International lampoon's vacation

'Borat' is outrageously offensive. But, as cultural satire, it's also painfully hilarious.

"Borat" should be issued with a warning to all who are squeamish about explicit comedy involving body parts; body odors; racial, ethnic, and religious stereotypes; bestiality; heterosexuality; homosexuality; pansexuality; Pamela Anderson, the Confederacy, rodeos, hip-hop, the Bush administration, naked wrestling, or the New York subway system.

Most of all, I would issue this warning: "Borat" is painfully funny.

The film is officially called "Borat: Cultural Learnings of America For Make Benefit Glorious Nation of Kazakhstan," and it is the demented brainchild of British comic Sacha Baron Cohen, star of HBO's "Da Ali G Show." One of his alter egos for that show is Borat Sagdiyev, "Kazakhstan's sixth most famous man" and a journalist – the term is applied very loosely – for the state-run TV network.
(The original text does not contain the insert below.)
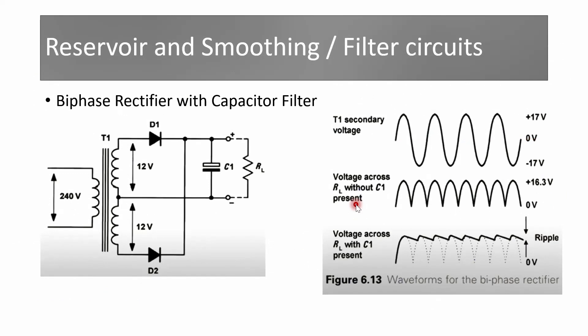Now we discuss the reservoir and smoothing filter circuit. The capacitor is connected in parallel with the load resistance RL, and across the capacitor we get the ripple voltage. Since current flows in both half cycles, there is always current through the capacitor. The capacitor charges up to the peak voltage and then discharges until the next maximum. The charging time is less compared to the discharging time, and across the capacitor we get ripple voltage — this is the unregulated output voltage.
If ever there was a comic character who deserved to be spun off into his own movie, it's Borat. With his Groucho-esque moustache and gray suit, he looks like a man who (at least in his own mind) is ready for prime time. The film, directed by "Seinfeld" veteran Larry Charles, is a mockumentary about Borat's trip to America – or as he calls it, "the US and A" – to learn about our cultural mores.

The odyssey begins in New York but rapidly gets sidetracked when Borat is mesmerized by the sight of Pamela Anderson while watching "Baywatch" in his motel. Vowing to meet and marry her, Borat and his cameraman-producer Azamat (Ken Davitian), who resembles a human hairball, make their way cross country in the only vehicle available to them, an ice-cream truck.

Cohen and his team of writers sketched this plot outline and then, essentially, winged it. Most of the movie is a series of unscripted encounters with unsuspecting people who were under the impression they were participating in Borat's documentary. Cohen is completely in character throughout, even when the situations become so hostile that one fears for his safety.

In one instance, Borat greets New Yorkers on the street and in the subways in the traditional Kazakh way – big, wet kisses – and comes close to being pummeled. In another sequence, he and Azamat, both flagrantly anti-Semitic, flee into the night when they discover they are bunking in the home of an elderly Jewish couple. (Cohen himself is Jewish.)

At a Virginia rodeo, after cheering the audience on with praises for America's "war of terror," Borat sings the Kazakh national anthem to the tune of "The Star- Spangled Banner" and is met with a wall of boos.

When he finally meets up with Pamela Anderson at a book signing, let's just say that the ensuing confrontation involves a burlap bag.

Cohen is a goofball satirist whose comedy draws on everything from "The Three Stooges" and "The Goon Show" to Peter Sellers and Monty Python. Yet there's never been anybody like him. He has what all great subversive comics have: An intuitive grasp of what makes audiences uncomfortable and how far they will go to laugh at themselves.

It would be reassuring (and accurate) to note that Cohen's comedy, untangled, is life-affirming and antiracist and pro-peace and all that good stuff. But why spoil the fun? I hate to sound blurby, but "Borat" is the funniest comedy I've seen since I don't know when. Grade: A

Rated R for crude, sexual content including graphic nudity and language.

Sex/Nudity: 18 scenes, including frank talk about sex, graphic depiction of sexual activity, and full-frontal male nudity. Violence: 3 comic scenes. Profanity: 42 harsh profanities. Drugs/Alcohol/Tobacco: 4 scenes with drinking.